Shortly after moving to Heidelberg, Germany, my girlfriend, Julia,  and I decided we wanted to volunteer in our free time. This was in 2014, before the so-called “refugee crisis”, but there were still many refugees in Germany at that point in time. I often think about how I can maximize my “good” output, and decided that helping refugees, especially children, with their integration into Germany society would be among the most effective uses of my time. 1)I think the most effective cause, to which one can contribute, is vegetarianism/veganism. There are many reasons for this: 1) Billions of animals are killed each year, most under terrible conditions. Since we know many of the animals we are talking about feel pain and enjoy experiences as we do, and that we do not need meat to survive, this is morally wrong and unjustifiable. 2) It takes more resources to feed animals than we get from the animal itself, contributing to hunger issues as well as water issues, since more water is required as well. 3) Meat production contributes more to global warming than cars do, so cutting down on meat would have a sizable, positive impact on one of the world’s other largest problems. I plan to discuss this issue in more depth in another post.

Julia and I went to the Asylarbeitskreis, an organization that helps refugees and explained we would help in any capacity we could, but that specifically we could be helpful in teaching children German or English, helping them with their school work, or providing after school supervision. If that was not available, we could do something else, too. The woman at the office said it sounded great, and she would contact us in a few days. Much to our surprise, we received an email a few days later saying that there was room for our (free!) help.

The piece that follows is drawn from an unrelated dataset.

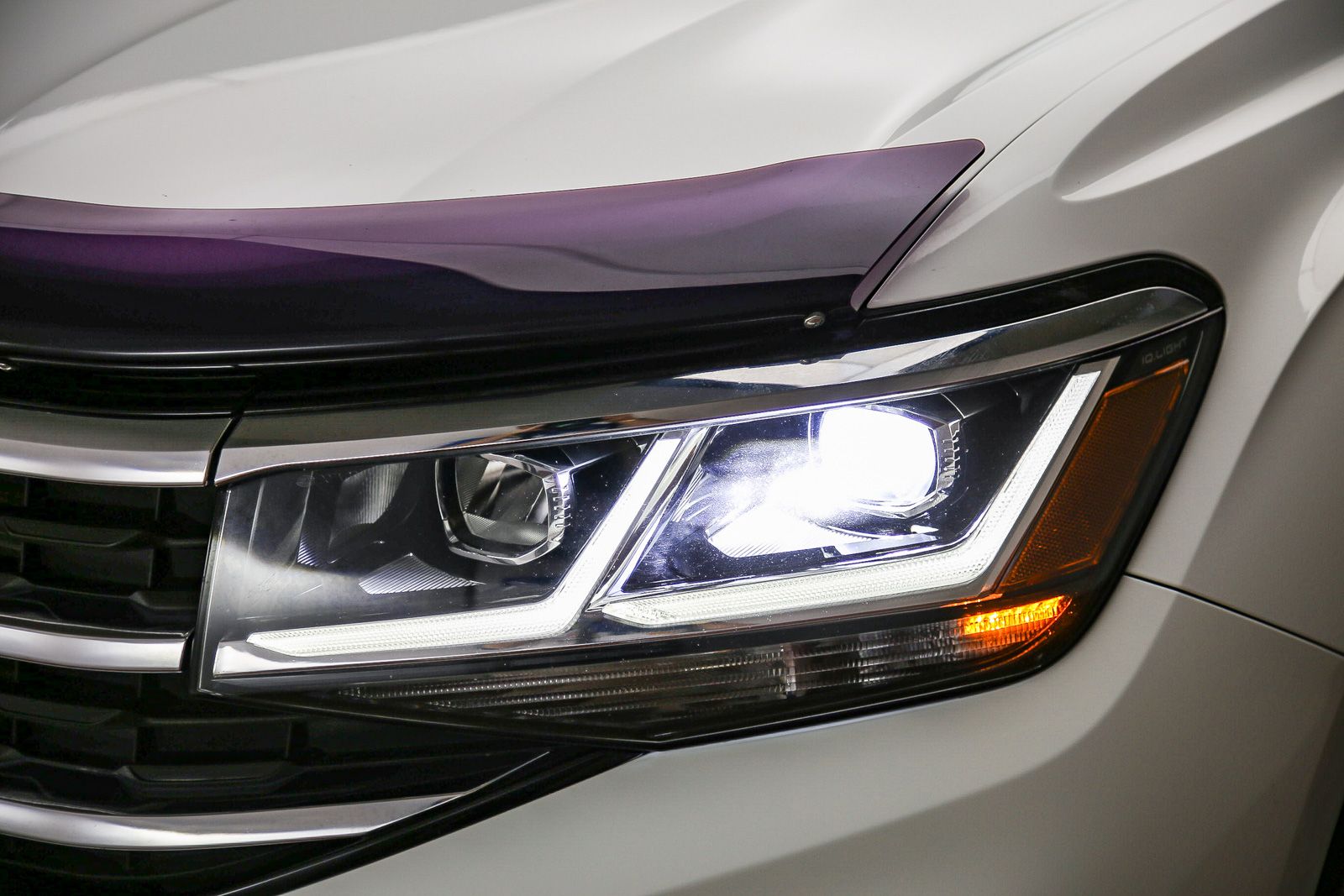 2021 Volkswagen Atlas SEL Premium - Photo 7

I went to next to Obdach e.V., a local homeless organization. Homelessness has always been a social problem that I could not wrap my head around. How could it be that in super rich societies like the United States and Germany that such a problem could exist? In Heidelberg, there are many homeless people, who are on the street every single day. There is one man with one leg who drags himself up and down the street with his hands for more than a full work day of hours and asks for change. I wanted to investigate how this could be and to help tackle this problem, so, I offered my services. I was accepted, although I was told they had no need at the time. I could visit a man who was in social housing and keep him company, if I wanted. I was not excited by the idea, as I thought I could have a much bigger effect, but I said yes. I was warned many times that the man was very strange and could not speak clearly, and I was told she understood if I did not want to meet him again. When I met with the man, it was even worse than she said: the man was drunk, smelled like it, could not speak clearly at all, repeated himself, and after our meeting called me 70 times in a row. I told the woman at Obdach that I did not want to meet him again and she understood.

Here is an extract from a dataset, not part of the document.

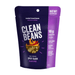 Clean Beans Foods Juices Spicy Cajun Clean Beans 6/Box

After this, I did some small jobs, like helping to renovate an apartment for a man who lived in the high rent section of the city. He had lived there for 20 years and had smoked the walls yellow, so it was time to repaint them. Everything needed to be taken down and furniture needed to be cleaned and moved. I asked myself how this man was classified as homeless and what exactly I was doing there. It seemed like I got shoved into random jobs that were at best loosely related to the topic of homelessness, and that at most I was having an extremely tiny impact.

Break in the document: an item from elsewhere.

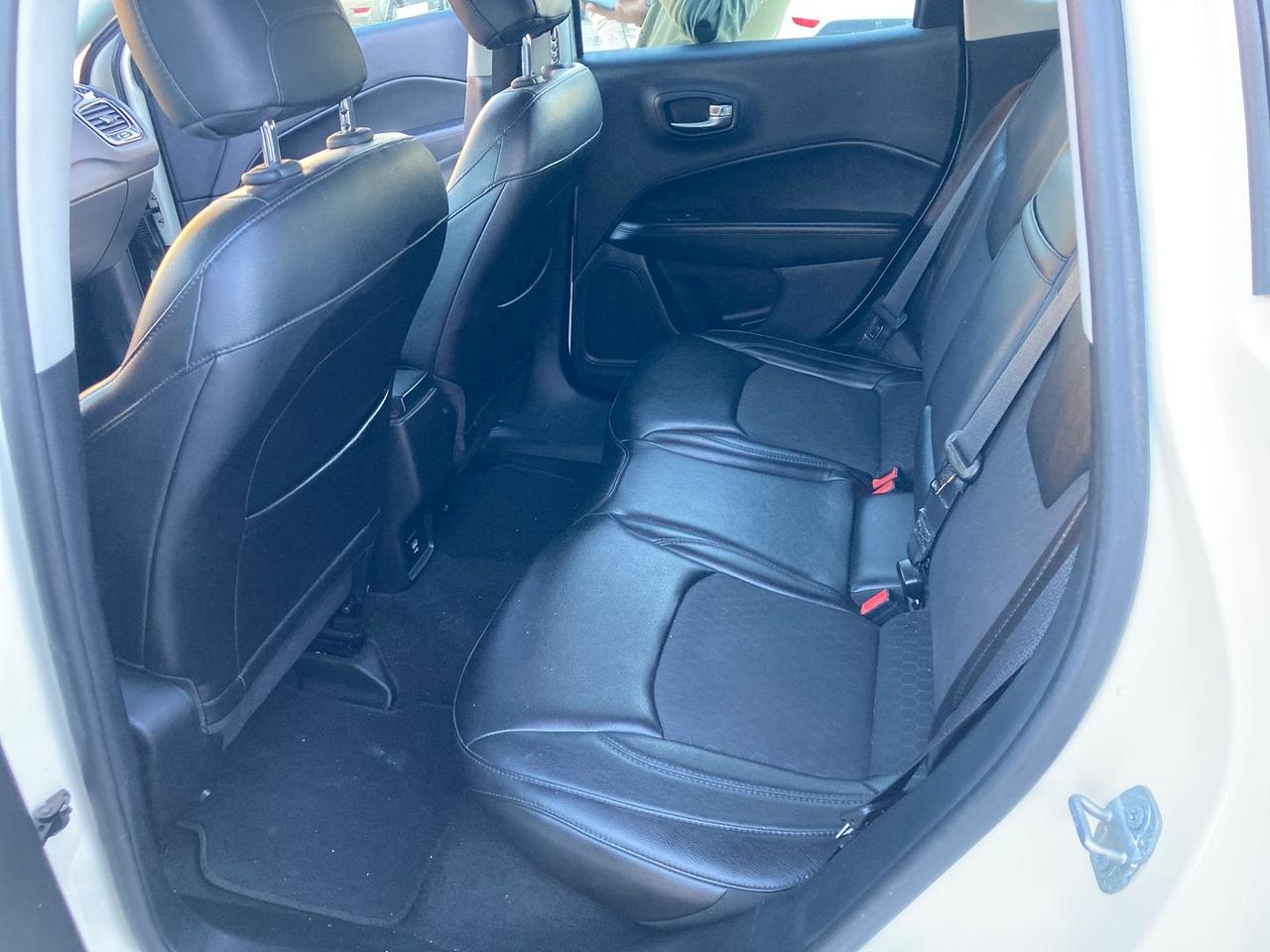 Jeep Compass 1.4 MultiAir Night #7686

With these thoughts, I proposed that I write an article for the local homeless newspaper that Obdach put out four times a year, thinking this might have a larger impact and support homelessness more generally. The responsible party at the organization thought it was a good idea, and seemed excited about the topic, which argued to make the local library services free in Heidelberg, since the homeless have less access to culture if they have to pay for all of the good literature. I wrote the article and submitted it. I was promised it would appear in the next issue of the paper and that I would receive a copy. Months passed, and I received no other jobs to do, and was not notified that the article was in the paper.  I sent many unanswered messages and was eventually told that the editor of the paper was stubborn and did not want to publish the article. It was clear there was frustration between the woman with whom I spoke and the editor of the paper. I emailed the editor multiple times and received no response. Persistent and frustrated, I continued to email. Eventually, I received an email saying that he never got the article and asked me to send it again, which I did. He promised me it would appear in the next issue. Again, months went by and no article appeared. I wrote him again and received no answers. Like the previous time, I continued to email, not accepting silence. Eventually, I was told that they would no longer be printing the paper, so the article would never appear.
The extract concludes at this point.